Die Sonderführungen zum Sonnenaufgang sind immer am letzten Freitag im Monat. Außerdem gibt es noch Vollmond im Adlerhorst. Noch ist stockdunkle Nacht, nur eine kleine Gruppe Besucher trifft sich eine Stunde vor Sonnenaufgang mit Laura Steinbusch am Naturerbe Zentrum bei Prora. Die Spitze des großen Aussichtsturms wirkt wie ein riesiger Adlerhorst über dem Wald. Doch das sieht man nur bei Tag.
Den Vögeln näher
Ja, im Sommer geht auf Rügen die Sonne schon bannig früh auf. Im Winter dagegen sind die Tage deutlich kürzer als schon in Berlin und erst recht im Vergleich zu Süddeutschland. Im Schein der Taschenlampen suchen wir den Aufstieg. Die erste Spirale bringt uns hoch zu dem schmalen Steg, auf dem wir dann mehr als einen Kilometer durch den Wald laufen, oben zwischen den Baumkronen. Schnell kommt die Dämmerung, die ersten Vögel wachen auf.
Zwischen den Baumkronen sind wir den Vögeln viel näher. Und im Frühjahr kann man ihnen sogar in die Nester gucken. Wie bei der Ringeltaube auf dem Baum, den der Hauptturm umschließt. In langer Spirale dreht sich der Aufstieg außen um diesen Baum nach oben. Ein kleiner Vogel, der wohl über die frühen Besucher staunt, fliegt mir fast an den Kopf.
Umweltbildung und Kunst
Der Buchenwald um uns gehört zum nationalen Naturerbe, genauso wie die Schmale Heide, die Landzunge, die den kleinen Jasmunder Bodden von der Ostsee trennt. Anstatt das Land teuer zu verkaufen, hat es die Deutsche Bundesstiftung Umwelt bekommen, die mit Naturerbe Zentrum am Boden und Baumkronenweg in luftiger Höhe Umweltbildung betreibt. Nicht zu verwechseln mit dem Nationalpark Jasmund und den berühmten Kreidefelsen bei Saßnitz.

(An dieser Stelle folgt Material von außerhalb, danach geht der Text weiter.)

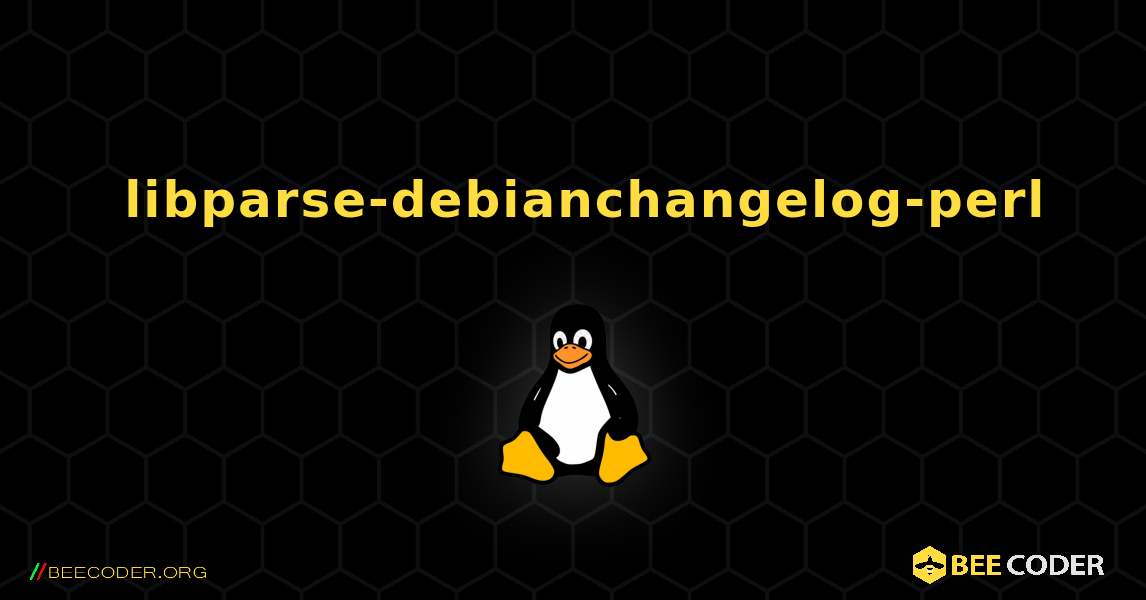 如何安装 libparse-debianchangelog-perl . Linux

Außerdem geben wechselnde Ausstellungen Künstlern der Region ein Podium. Hier begegnen uns auf Papier und Leinwand die Landschaften und Stimmungen, die uns draußen so begeistern.
Rügen - aus mehreren Inseln entstanden
Kaum tauchen wir auf über den Baumkronen, fasst der Wind zu, von dem unten nichts zu spüren war. Ganz oben angekommen, 82 Meter über dem Meeresspiegel, ist der Himmel im Osten über der Ostsee recht hell geworden. Die Lichter des Fährhafens Mukran blinken. Von der Straße kommen Autogeräusche wie aus einer anderen Welt. Unter uns steigt Nebel auf aus den Senken, dunkler Wald spiegelt sich im Wasser des Kleinen Jasmunder Boddens.
Die Insel Rügen als solche ist noch gar nicht so alt. Einst waren es mehrere Inseln, von denen Wind und Wellen Sand abgetragen haben, weitergeschleppt und woanders abgelagert. So entstanden lange schmale Landbrücken, die nun die früheren Inseln mit miteinander verbinden.
Naturschauspiel der aufgehenden Sonne
Eben lagen Wald und Wasser mystisch im Dunst. Nun überzieht sie die aufgehende Sonne mit einem rosa-lila Schimmer. Schnell steigt die Sonne aus dem Wasser und schnell wird es wärmer. Von oben können wir nun halb Rügen überblicken, sehen den Turm des Jagdschlosses Granitz. Wo damals die Panzer den Sand pflügten. Das Nazi-Bau-Ungetüm von Prora allerdings versteckt sich im Küstenwald.
Wir gucken auf die Schmale Heide, die Landzunge zwischen dem Ostseebad Binz und dem Fährhafen Mukran. Hinter Mukran dann liegt Sassnitz mit den Kreidefelsen. Das alles sieht auch der Tagesbesucher oben vom Adlerhorst bei Prora. Doch das Naturschauspiel, wie die aufgehende Sonne die Nacht vertreibt, das haben die Frühaufsteher für sich alleine. Jeweils am letzten Freitag im Monat.